Nach Angaben der Afrikanischen Entwicklungsbank (AfDB) sind die „anfänglichen Auswirkungen der Finanzkrise in Afrika erst spät spürbar geworden“.
Der Zusammenbruch von Unternehmen und Minen sowie der Zerstörung von Arbeitsplätzen, Einnahmen und Lebensgrundlagen macht die Folgen inzwischen aber deutlich sichtbar.
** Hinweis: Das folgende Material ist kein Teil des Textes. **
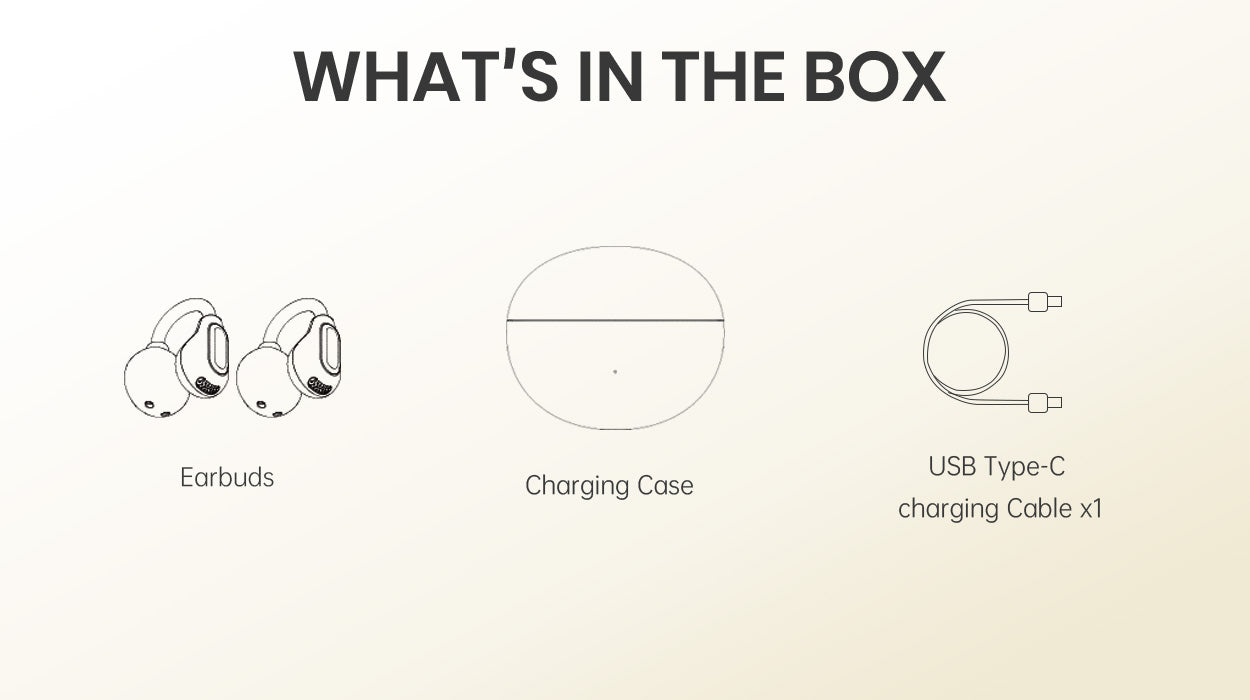 Package Contents: Earbuds, Charging Case, USB Type-C Cable. Complete Kit for Easy Setup and On-the-Go Charging.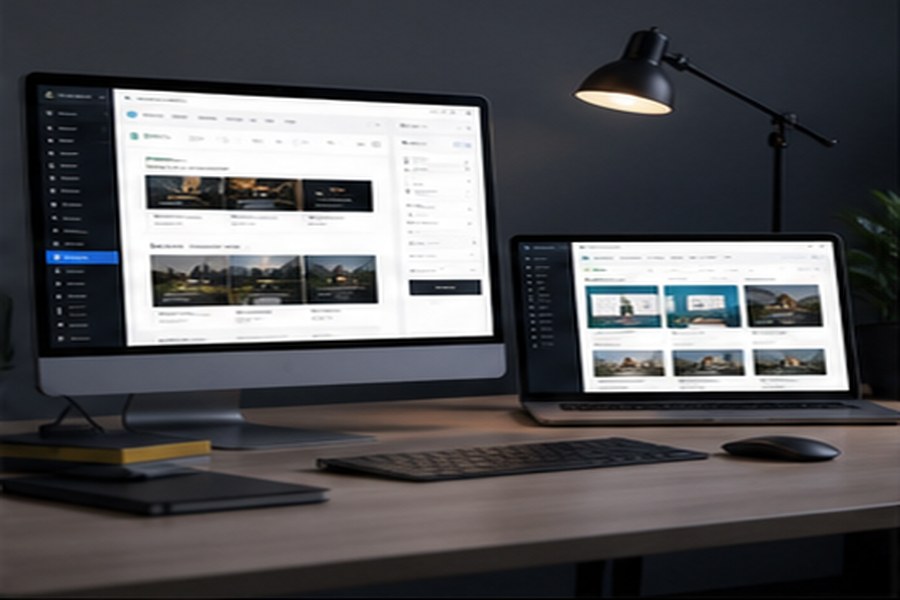 WordPress dashboard and website previews on multiple screens.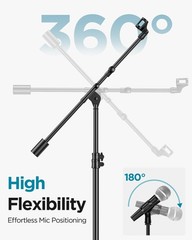 Mic Stand, Max Height 82.28″ Microphone Stand Floor Detachable Boom Mic Arm S…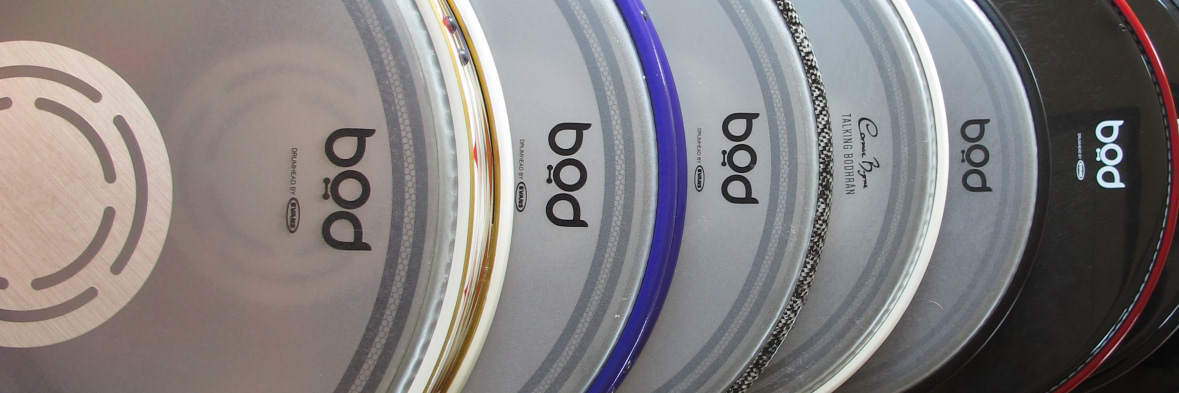 BOD branding on drum skins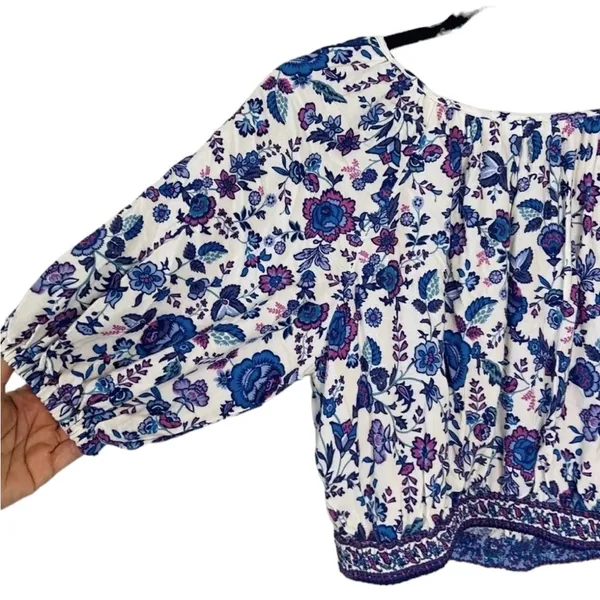Joie Short Sleeve Cottage Prairie Print Cropped Top S - Image 4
Die AfDB spricht von einer „ausgemachten Entwicklungskrise“ und prognostiziert erstmals seit zehn Jahren „null Prozent Wachstum“.
Experten meinen, dass die entwickelten Länder 0,7 Prozent ihrer Konjunkturpakete dazu nutzen sollten, ärmeren Ländern beizustehen und ihre bestehenden Verpflichtungen gegenüber Entwicklungsländern einzuhalten. Laut ADB sind solche Maßnahmen unbedingt erforderlich, um die jüngsten Investitionsniveaus zu halten – insbesondere bei der Infrastruktur. Andernfalls wäre es schwierig, die Wachstumsgrundlagen der vergangenen Jahre aufrecht zu erhalten.
Währenddessen erfährt Lateinamerika nach fünf Jahren nachhaltigen Wachstums von durchschnittlich 5,3 Prozent einen Abschwung in der industriellen Produktion. Brasilien gab im Dezember 2008, als die Exporte laut Weltbank um 29 Prozent fielen, sein erstes Handelsbilanzdefizit in acht Jahren bekannt.